Brief descriptive captions:
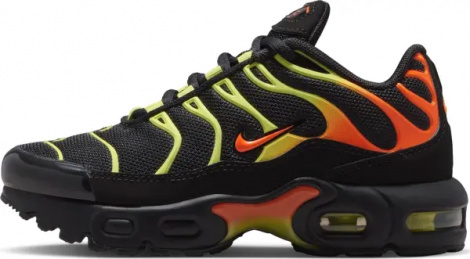 Кросівки дитячі Nike AIR MAX PLUS (PS) чорно-салатово-помаранчеві FZ0023-040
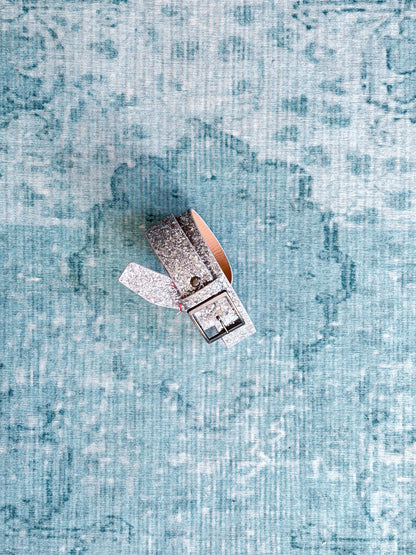 ZUCCA silver glitter belt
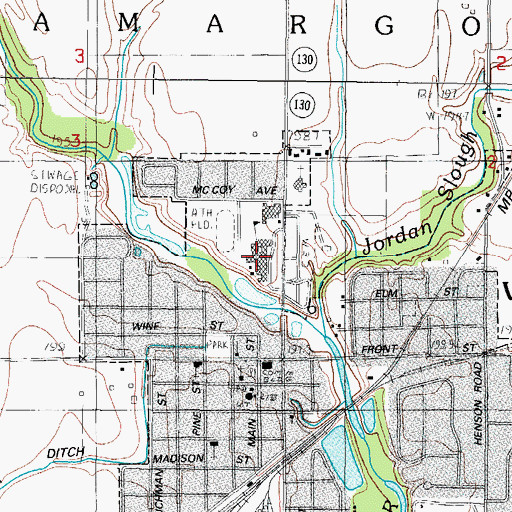 Topographic Map of Villa Grove High School, IL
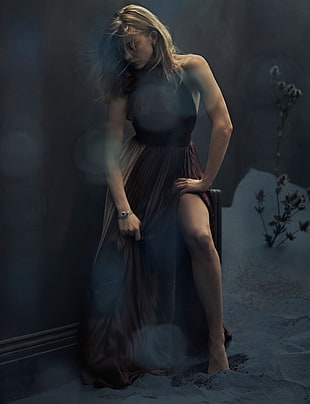 maroon sleeveless dress, Natalie Dormer , actress, blonde, hair in face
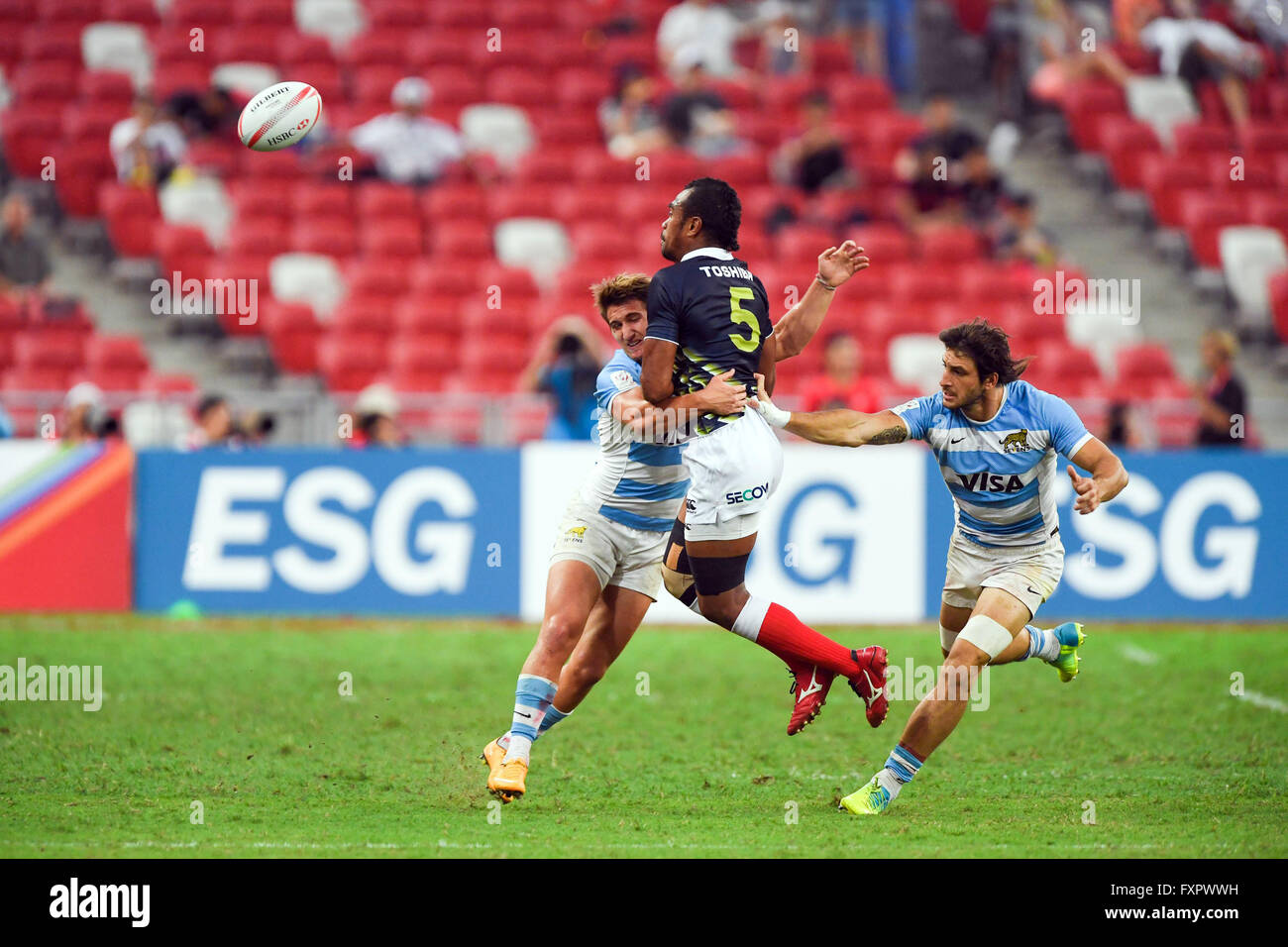 Kameli Soejima (JPN), APRL 16, 2016 - Rugby Sevens World Series HSBC : Singapour, match de rugby à VII Le Japon et l'Argentine au Stade National de Singapour. (Photo de Haruhiko Otsuka/AFLO) Banque D'Images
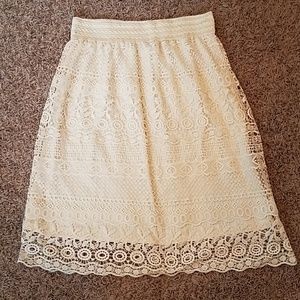 Cream Lace Skirt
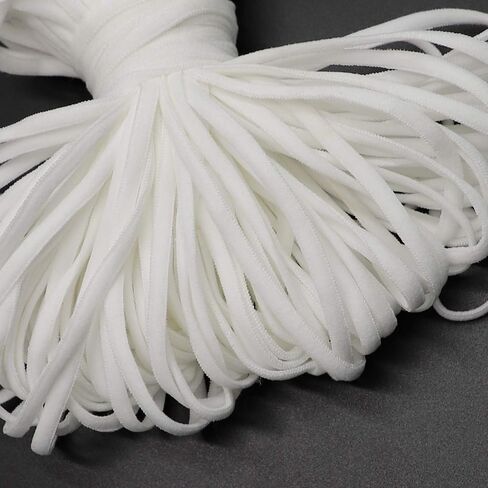 VANELC Elastic Bands for Sewing 1/4 inch 144-Yards Length,Braided Elastic Cord/Elastic Rope/Bungee/White Heavy Stretch Knit Elastic Spool for Sewing Crafts (White, 144 Yards) in Saudi Arabia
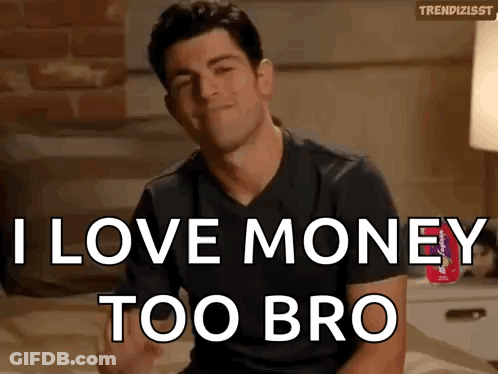 Man Making Funny Face Saying I Love Money GIF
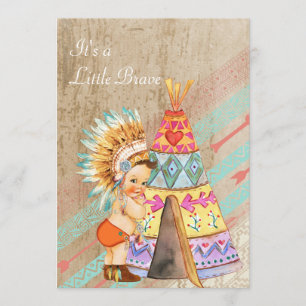 Invitation de baby shower de Natif américain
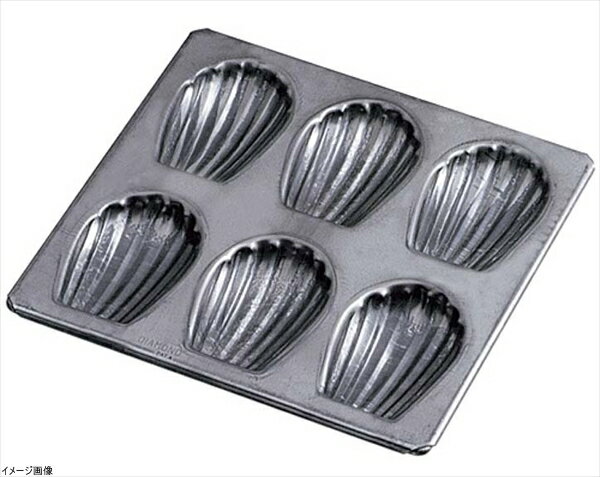 新考社 マドレーヌ貝型 シリコン加工 6コ付き イ-147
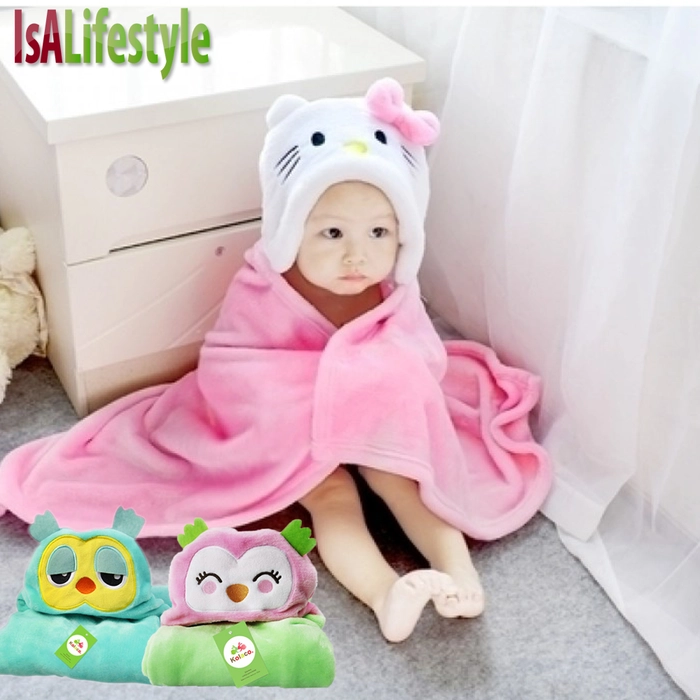 Hoodie Blanket for Newborn Baby Fleece Cute Animal Cartoon Style Hooded Receiving Soft Blanket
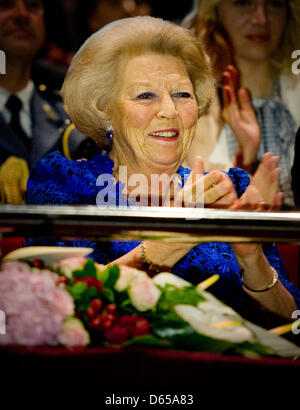 Queen Beatrix of The Netherlands visits a ballet performance of NDT2 at the Mushin Ertugrul theater in Istanbul,Turkey, 14 June 2012. Afterwards the Queen hold an reception at the roof of her hotel together with Turkish president Gul. Queen Beatrix brings a two day visit to Turkey. Photo: Robin Utrecht / Pool NETHERLANDS OUT Stock Photo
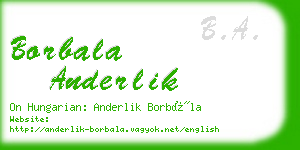 borbala anderlik business card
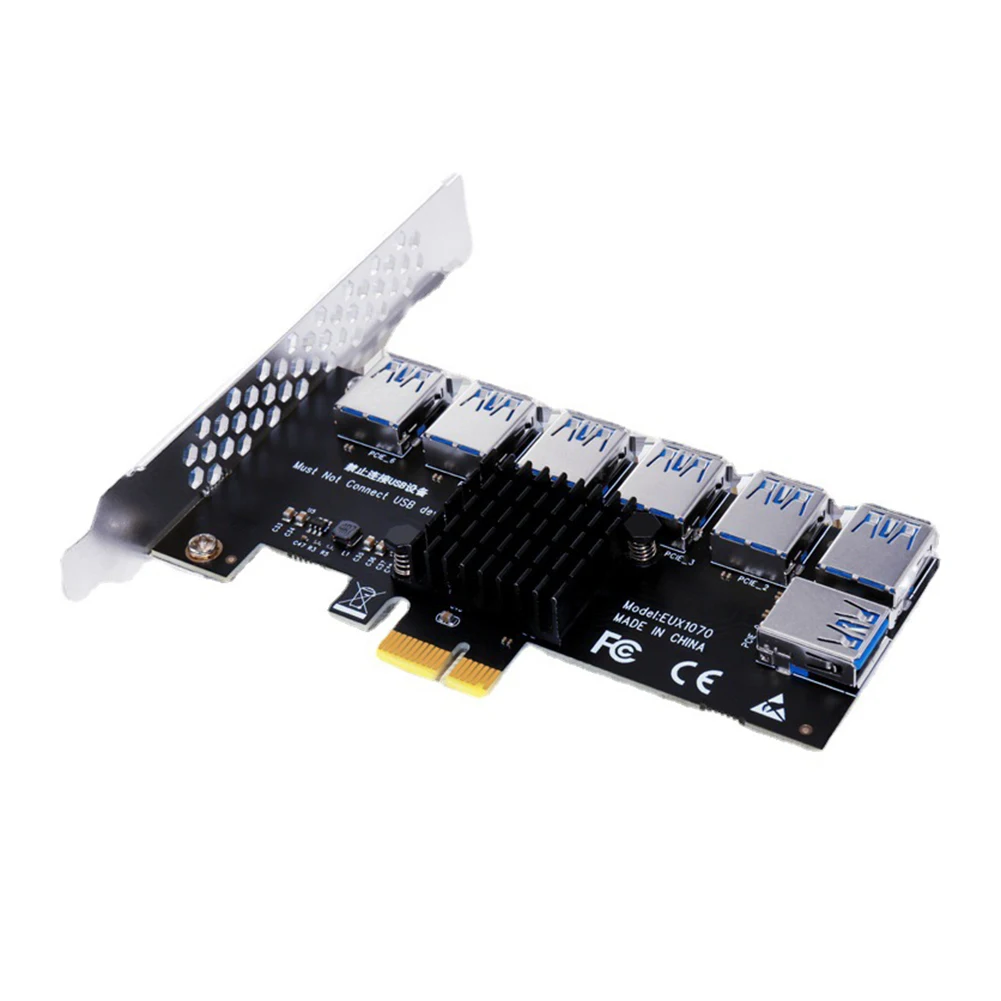 

EUX1070 PCI-E 1x 1 to 7 Riser Card Multiplier Connector Heat Sink for BTC Mining PCI Express USB3.0 Multiplier Pci e Riser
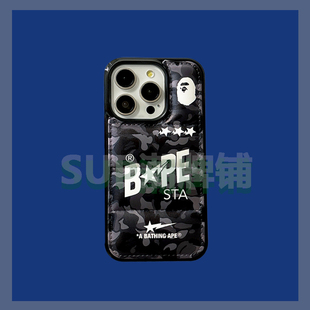 黑灰bape猿人羽绒服苹果15ProMax手机壳16情侣新款适用iPhone14ProMax冬季简约男女13Pro保护套肤感12/11/xr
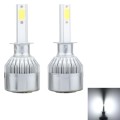 2 PCS  H1 18W 1800 LM 6000K IP68 Canbus Constant Current Car LED Headlight with 2 COB Lamps, DC 9-36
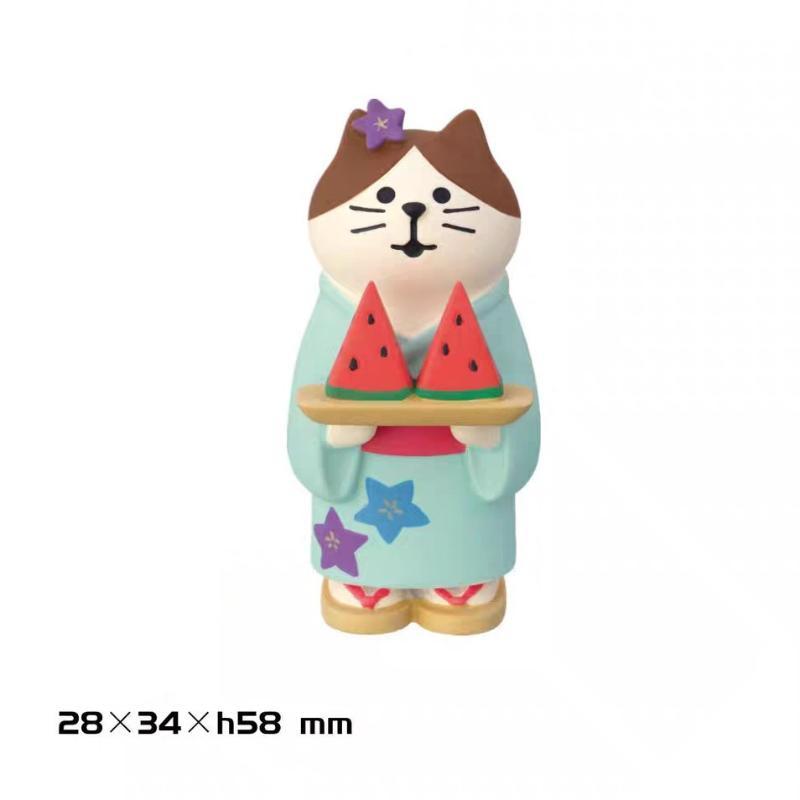 Creative Japanese Cat Groceries Summer Watermelon Cat Series Play Gifts Ins Resin Crafts Diy Small Ornaments Collection Gifts
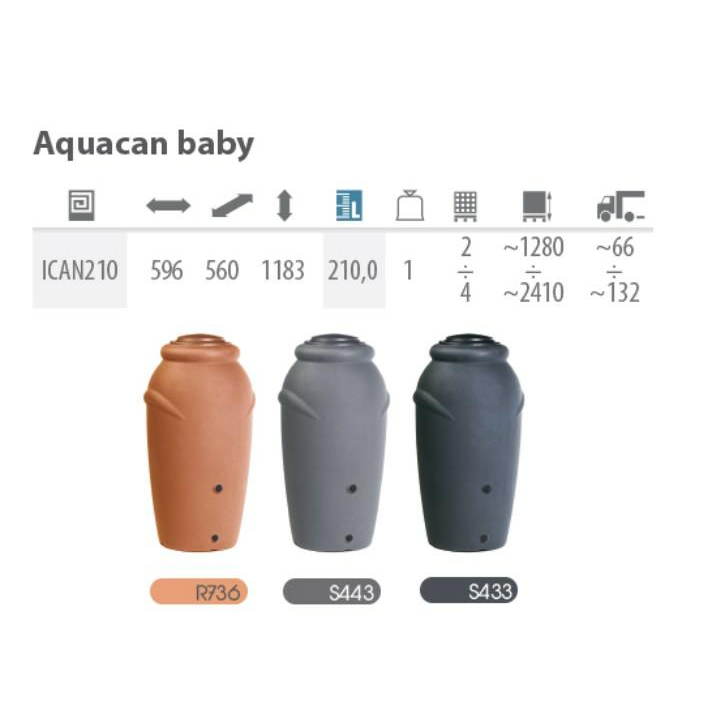 PROSPERPLAST Barrel AQUACAN BABY anthracite 210 l (ICAN210-S433)
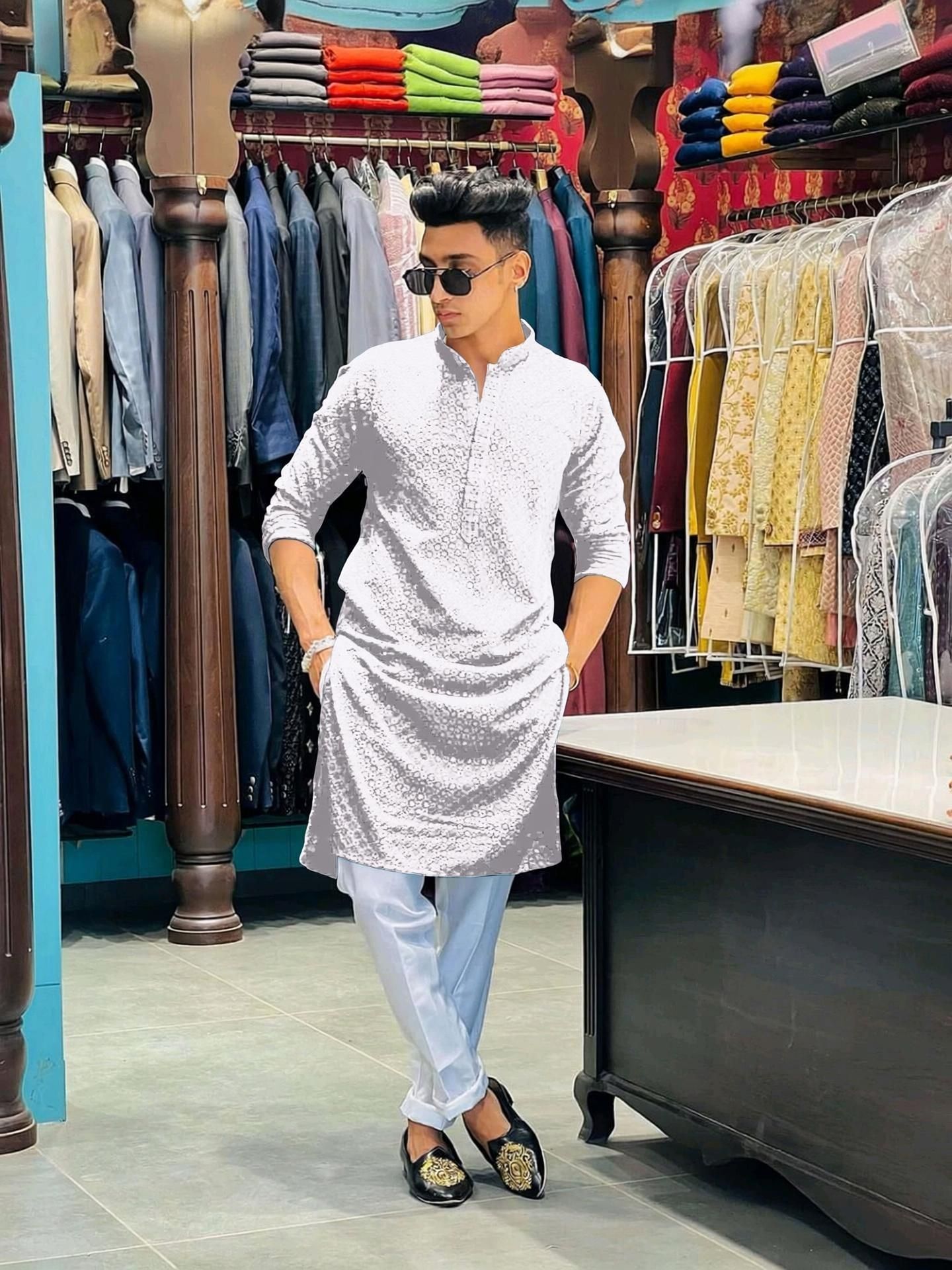 Men Viscose Rayon Kurta Pyjama Set-image-32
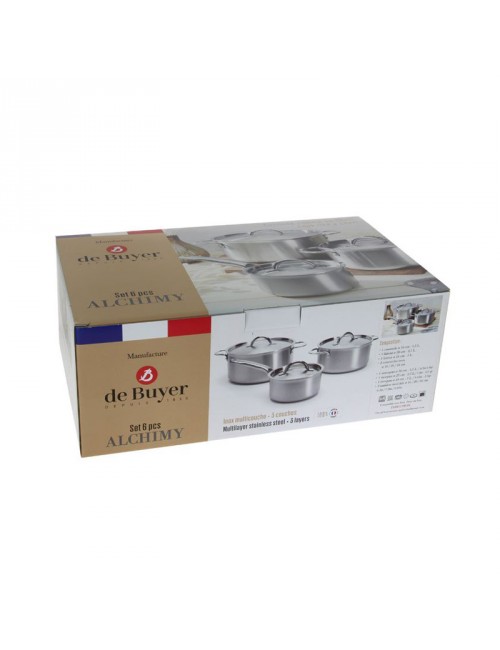 Set batterie 6 pièces Alchimy De Buyer casserole faitout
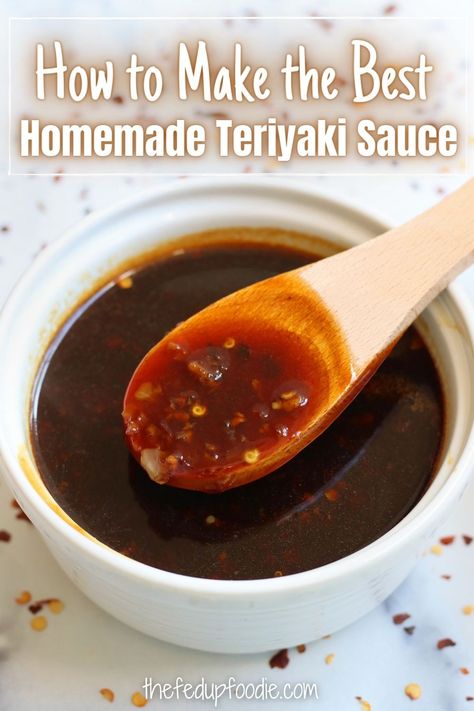 Homemade Teriyaki Sauce recipe made with soy sauce, brown sugar, garlic and ginger. This easy and healthy sauce is wonderful for chicken, salmon, noodles, veggies, stir fry and kabobs.  #TeriyakiSauce #TeriyakiSauceRecipe ##TeriyakiSauceEasy #TeriyakiSauceChicken #TeriyakiSauceForSalmon #SimpleTeriyakiSauce #BestTeriyakiSauce #QuickTeriyakiSauce Teriakysaus Recipe, How To Make Teriyaki Sauce, Homemade Teriyaki Sauce Easy, Spicy Teriyaki Sauce Recipe, Teriyaki Sauce Easy, Teryaki Sauce, Spicy Teriyaki Sauce, Easy Teriyaki Sauce, Easy Teriyaki Sauce Recipe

(Required action): In your answer, print the entries above exactly, with the pictures left out.

(Solution):
 Кросівки дитячі Nike AIR MAX PLUS (PS) чорно-салатово-помаранчеві FZ0023-040
 ZUCCA silver glitter belt
 Topographic Map of Villa Grove High School, IL
 maroon sleeveless dress, Natalie Dormer , actress, blonde, hair in face
 Kameli Soejima (JPN), APRL 16, 2016 - Rugby Sevens World Series HSBC : Singapour, match de rugby à VII Le Japon et l'Argentine au Stade National de Singapour. (Photo de Haruhiko Otsuka/AFLO) Banque D'Images
 Cream Lace Skirt
 VANELC Elastic Bands for Sewing 1/4 inch 144-Yards Length,Braided Elastic Cord/Elastic Rope/Bungee/White Heavy Stretch Knit Elastic Spool for Sewing Crafts (White, 144 Yards) in Saudi Arabia
 Man Making Funny Face Saying I Love Money GIF
 Invitation de baby shower de Natif américain
 新考社 マドレーヌ貝型 シリコン加工 6コ付き イ-147
 Hoodie Blanket for Newborn Baby Fleece Cute Animal Cartoon Style Hooded Receiving Soft Blanket
 Queen Beatrix of The Netherlands visits a ballet performance of NDT2 at the Mushin Ertugrul theater in Istanbul,Turkey, 14 June 2012. Afterwards the Queen hold an reception at the roof of her hotel together with Turkish president Gul. Queen Beatrix brings a two day visit to Turkey. Photo: Robin Utrecht / Pool NETHERLANDS OUT Stock Photo
 borbala anderlik business card

EUX1070 PCI-E 1x 1 to 7 Riser Card Multiplier Connector Heat Sink for BTC Mining PCI Express USB3.0 Multiplier Pci e Riser
 黑灰bape猿人羽绒服苹果15ProMax手机壳16情侣新款适用iPhone14ProMax冬季简约男女13Pro保护套肤感12/11/xr
 2 PCS  H1 18W 1800 LM 6000K IP68 Canbus Constant Current Car LED Headlight with 2 COB Lamps, DC 9-36
 Creative Japanese Cat Groceries Summer Watermelon Cat Series Play Gifts Ins Resin Crafts Diy Small Ornaments Collection Gifts
 PROSPERPLAST Barrel AQUACAN BABY anthracite 210 l (ICAN210-S433)
 Men Viscose Rayon Kurta Pyjama Set-image-32
 Set batterie 6 pièces Alchimy De Buyer casserole faitout
 Homemade Teriyaki Sauce recipe made with soy sauce, brown sugar, garlic and ginger. This easy and healthy sauce is wonderful for chicken, salmon, noodles, veggies, stir fry and kabobs.  #TeriyakiSauce #TeriyakiSauceRecipe ##TeriyakiSauceEasy #TeriyakiSauceChicken #TeriyakiSauceForSalmon #SimpleTeriyakiSauce #BestTeriyakiSauce #QuickTeriyakiSauce Teriakysaus Recipe, How To Make Teriyaki Sauce, Homemade Teriyaki Sauce Easy, Spicy Teriyaki Sauce Recipe, Teriyaki Sauce Easy, Teryaki Sauce, Spicy Teriyaki Sauce, Easy Teriyaki Sauce, Easy Teriyaki Sauce Recipe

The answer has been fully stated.